What to do – Return the following from the records below: each line, word for word, starting with the line that contains "Food Storage Prep" and going on through the line that contains "Simpson Strong-Tie A34", with nothing outside that range.
___ Given entries
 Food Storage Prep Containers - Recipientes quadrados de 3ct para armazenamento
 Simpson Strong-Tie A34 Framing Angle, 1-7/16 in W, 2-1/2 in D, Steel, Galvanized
______
___ Given entries
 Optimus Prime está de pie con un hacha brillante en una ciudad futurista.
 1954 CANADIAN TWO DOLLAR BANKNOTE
______
Answer below –
 Food Storage Prep Containers - Recipientes quadrados de 3ct para armazenamento
 Simpson Strong-Tie A34 Framing Angle, 1-7/16 in W, 2-1/2 in D, Steel, Galvanized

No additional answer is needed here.